Many methods are used to ensure that farmed salmon thrive, stay healthy and grow quickly. Nofima scientist Erik Burgerhout is working on programming the fish to become robust.
Nofima’s research will harness epigenetics to make the fish more resilient. The Programming Fish for Robustness (Progress) research project exposes fish to stressors such as low temperatures and low oxygen levels in early life phases, thereby influencing them to develop their own genetic material – RNA – to better withstand stress later in life.
“In order to produce a robust farmed fish, we must return to nature. Cold temperatures are natural for wild salmon, so it is actually the relatively high temperature normal to fish farming that is the stressful factor. We are now conducting research to understand what lies behind these mechanisms”, says Erik Burgerhout.

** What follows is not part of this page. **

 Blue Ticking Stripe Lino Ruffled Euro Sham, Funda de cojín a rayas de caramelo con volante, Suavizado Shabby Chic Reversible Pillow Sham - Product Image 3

“We have noticed that low oxygen levels – hypoxia – affect the fish. The question is whether low oxygen levels during the early life phase would program the fish to withstand little oxygen in later life, as well as improve the fish’s immune system”, says Erik Burgerhout.
The role of stress
Stress during early life phases can have a serious impact on the development, growth and behaviour of various animal groups, including fish. However, there is currently little knowledge about the epigenetic regulation mechanisms involved – ie, in this case, whether the impact of stress causes the fish to develop their own robustness throughout the rest of their lives, and the level of stress that is justifiable from an animal welfare perspective.
In the Progress project, salmon were exposed to low oxygen levels during the embryonic/larval stage. Later, the same fish were investigated regarding their survival in the seawater phase, growth and disease resistance. According to Burgerhout, the results did not quite meet expectations.
“We measured the fish’s tolerance to low oxygen levels and investigated the development of its immune genes during smoltification. In addition, we investigated the immune response after exposing the fish to pathogenic bacteria that are feared in the aquaculture industry. We only managed to see small differences between fish that were exposed to stress with little oxygen early in life and fish that had not had this type of impact. We don’t consider these negative results, but rather results without the expected impact. More studies are needed before we can say anything for sure”, says Erik Burgerhout.
“Although we found little difference between the groups regarding the hypoxia challenge test, the results suggest that chronic hypoxia during the early phase of life stimulated immune genes and dampened their downregulation in connection with smoltification. However, these changes did not improve protection against a bacterial pathogen”, he stated.
The project results show the potential for environmental stimuli to be used as treatments to shape gene regulation in farmed salmon.